TensorFlow v2.0入门教程——06卷积神经网络(CNN)

CNN

class CNN(tf.keras.Model):
    def __init__(self):
        super().__init__()
        # valid:表示不够卷积核大小的块,则丢弃;same表示不够卷积核大小的块就补0,所以输出和输入形状相同
        self.conv1 = tf.keras.layers.Conv2D(
            filters=32,             # 卷积层神经元（卷积核）数目
            kernel_size=[5, 5],     # 感受野大小
            padding='same',         # padding策略（vaild 或 same）
            activation=tf.nn.relu   # 激活函数
        )
        self.pool1 = tf.keras.layers.MaxPool2D(pool_size=[2, 2], strides=2)
        self.conv2 = tf.keras.layers.Conv2D(
            filters=64,
            kernel_size=[5, 5],
            padding='same',
            activation=tf.nn.relu
        )
        self.pool2 = tf.keras.layers.MaxPool2D(pool_size=[2, 2], strides=2)
        self.flatten = tf.keras.layers.Reshape(target_shape=(7 * 7 * 64,))
        self.dense1 = tf.keras.layers.Dense(units=1024, activation=tf.nn.relu)
        self.dense2 = tf.keras.layers.Dense(units=10)

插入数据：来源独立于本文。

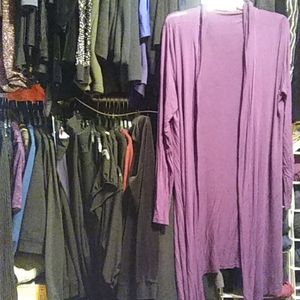 Long purple hooded duster size XL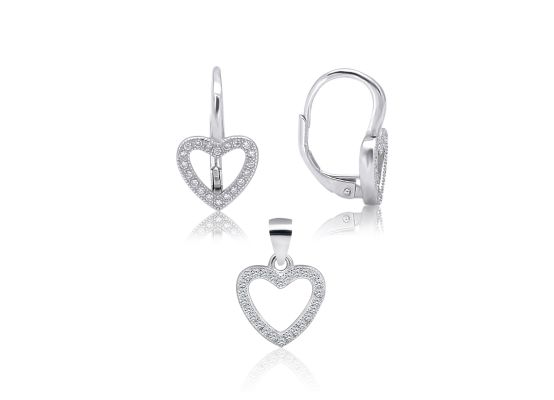 MOISS stříbrná sada SRDCE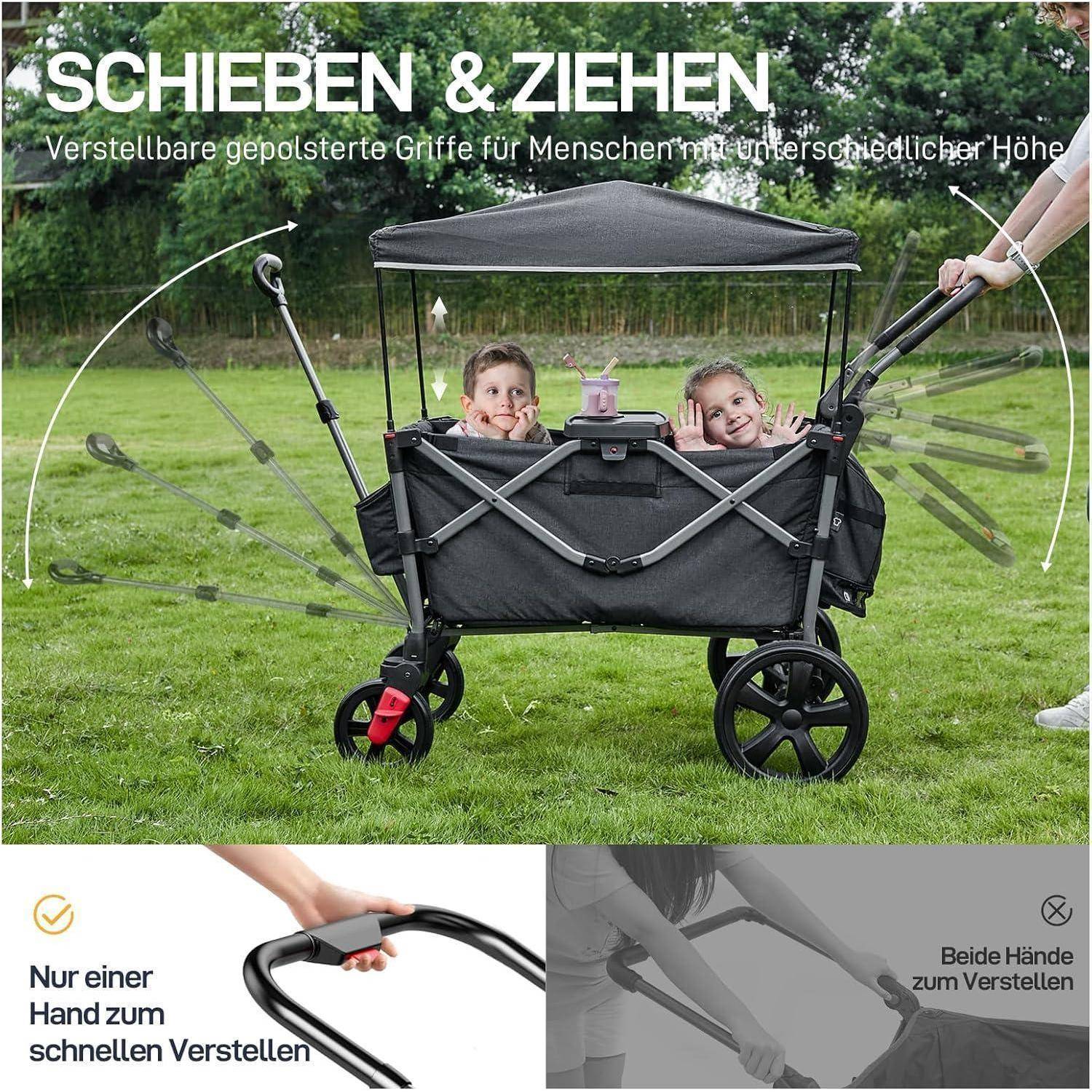 Bollerwagen 2 Kinder faltbar Sicherheitsgurt Fußbremse Schwarz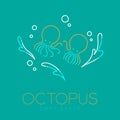 Two Octopus, Water splash and Air bubble logo icon outline stroke set dash line design illustration isolated on green turquoise Royalty Free Stock Photo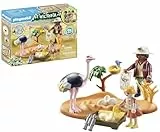 PLAYMOBIL Wiltopia 71296 Zu Gast bei Papa Strauß, spielerischer Tierschutz in der afrikanischen Wildnis, Unterstützung der Straußfamilie, nachhaltiges Spielzeug für Kinder ab 4 Jahren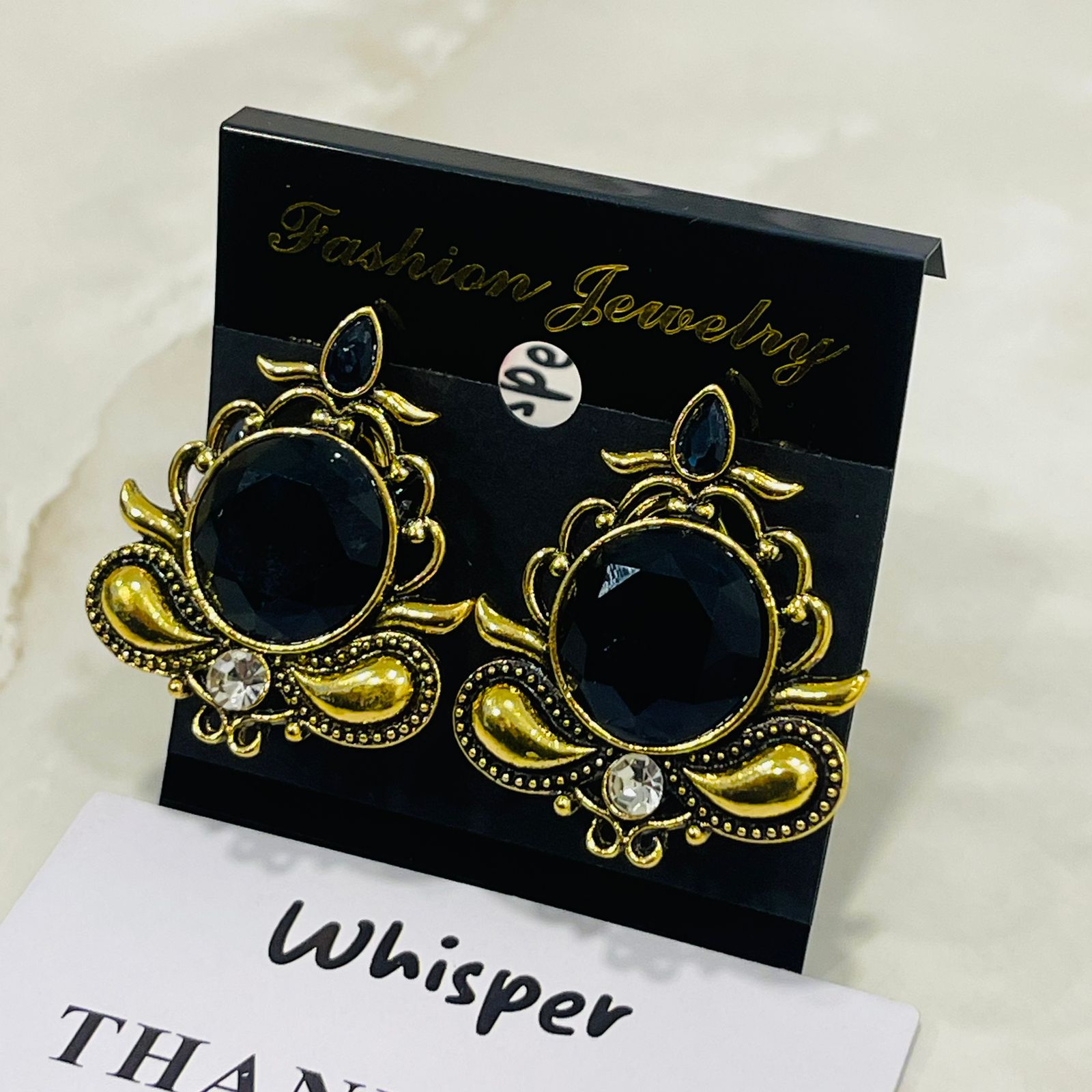 Black Emerald Statement Earrings
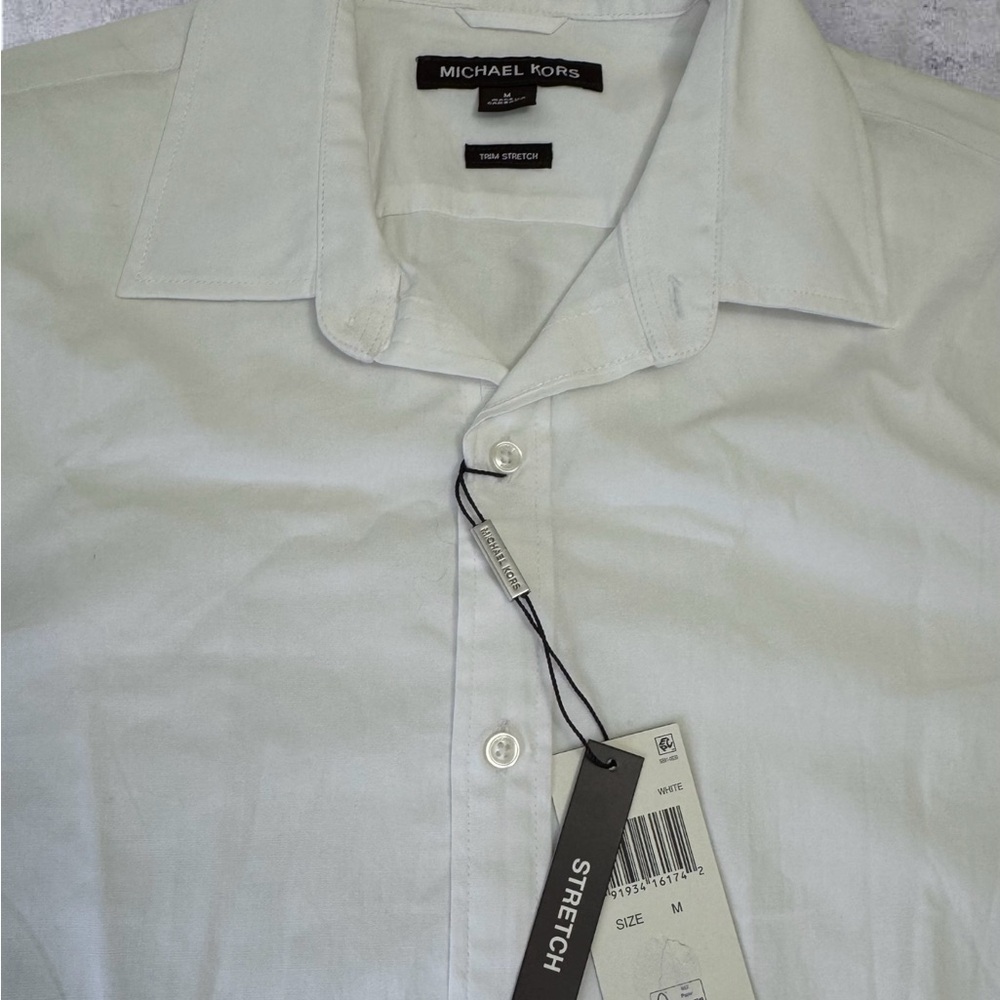 Michael Kors Men’s White Short Sleeve Shirt Sz. M - Picture 3 of 3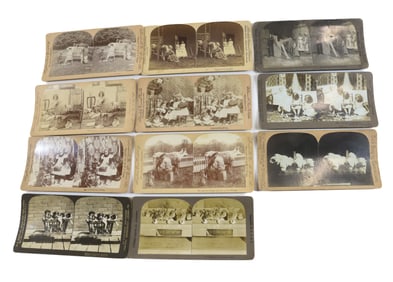 (11) STEREOVIEWS CATS,DOGS,COWS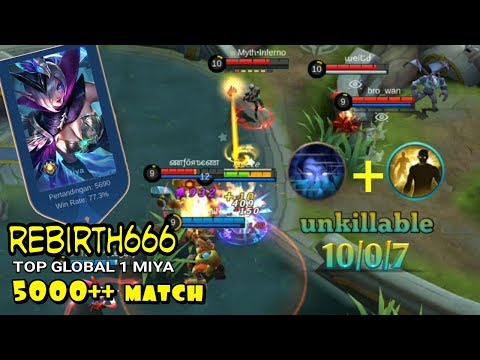 Pakai combo ini top global 1 miya rebirth666 auto ilang - mobile legends miya gameplay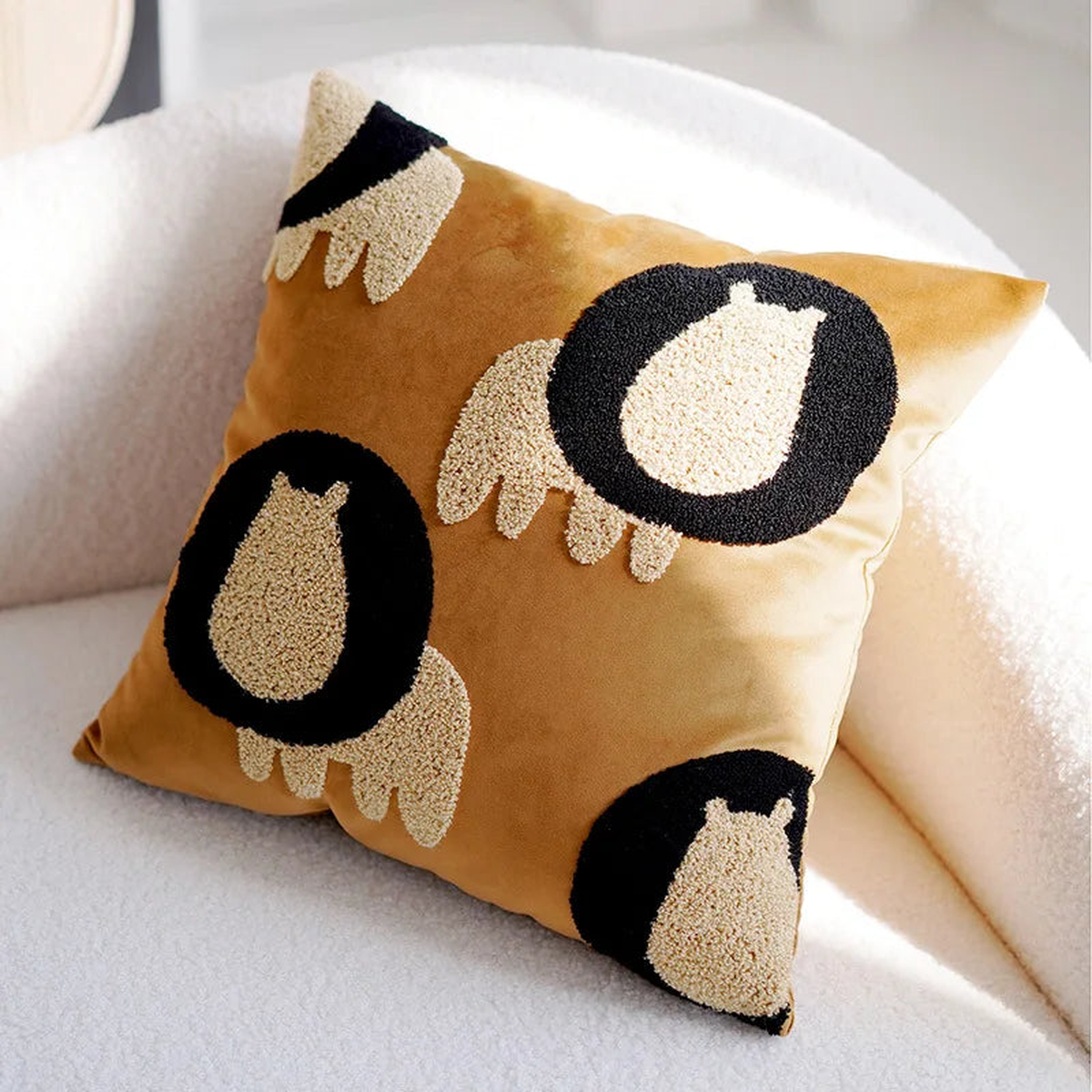 45x45CM Nordic Simple Throw Pillow Cover Embroidered Plush Cute Animal Sofa Cushion Waist Cover Home Decorative Pillowcase - Lion | 45X45CM Without Core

    def call(self, inputs):
        x = self.conv1(inputs)                  # [batch_size, 28, 28, 32]
        x = self.pool1(x)                       # [batch_size, 14, 14, 32]
        x = self.conv2(x)                       # [batch_size, 14, 14, 64]
        x = self.pool2(x)                       # [batch_size, 7, 7, 64]
        x = self.flatten(x)                     # [batch_size, 7 * 7 * 64]
        x = self.dense1(x)                      # [batch_size, 1024]
        x = self.dense2(x)                      # [batch_size, 10]
        output = tf.nn.softmax(x)
        return output

# 调整超参数
num_epochs = 5
batch_size = 50
learning_rate = 0.001
model = CNN()
data_loader = MNISTLoader()
optimizer = tf.keras.optimizers.Adam(learning_rate=learning_rate)
num_batches = int(data_loader.num_train_data // batch_size * num_epochs)
# 梯度下降
for batch_index in range(num_batches):
    X, y = data_loader.get_batch(batch_size)
    with tf.GradientTape() as tape:
        y_pred = model(X)
        loss = tf.keras.losses.sparse_categorical_crossentropy(y_true=y, y_pred=y_pred)
        loss = tf.reduce_mean(loss)
        print("batch %d: loss %f" % (batch_index, loss.numpy()))
    grads = tape.gradient(loss, model.variables)
    optimizer.apply_gradients(grads_and_vars=zip(grads, model.variables))

测试准确率

sparse_categorical_accuracy = tf.keras.metrics.SparseCategoricalAccuracy()
num_batches = int(data_loader.num_test_data // batch_size)
for batch_index in range(num_batches):
    start_index, end_index = batch_index * batch_size, (batch_index + 1) * batch_size
    y_pred = model.predict(data_loader.test_data[start_index: end_index])
    sparse_categorical_accuracy.update_state(y_true=data_loader.test_label[start_index: end_index], y_pred=y_pred)
print("test accuracy: %f" % sparse_categorical_accuracy.result())

test accuracy: 0.992200

MobileNetV2

以下展示一个例子，使用 MobileNetV2 网络在 tf_flowers 五分类数据集上进行训练（为了代码的简短高效，在该示例中我们使用了 TensorFlow Datasets 和 tf.data 载入和预处理数据）。通过将 weights 设置为 None ，我们随机初始化变量而不使用预训练权值。同时将 classes 设置为 5，对应于 5 分类的数据集。

import tensorflow as tf
import tensorflow_datasets as tfds

learning_rate = 0.001

dataset = tfds.load("tf_flowers", split=tfds.Split.TRAIN, as_supervised=True)
dataset = dataset.map(lambda img, label: (tf.image.resize(img, [224, 224]) / 255.0, label)).shuffle(1024).batch(32)
model = tf.keras.applications.MobileNetV2(weights=None, classes=5)
optimizer = tf.keras.optimizers.Adam(learning_rate=learning_rate)
for images, labels in dataset:
    with tf.GradientTape() as tape:
        labels_pred = model(images)
        loss = tf.keras.losses.sparse_categorical_crossentropy(y_true=labels, y_pred=labels_pred)
        loss = tf.reduce_mean(loss)
        print("loss %f" % loss.numpy())
    grads = tape.gradient(loss, model.trainable_variables)
    optimizer.apply_gradients(grads_and_vars=zip(grads, model.trainable_variables))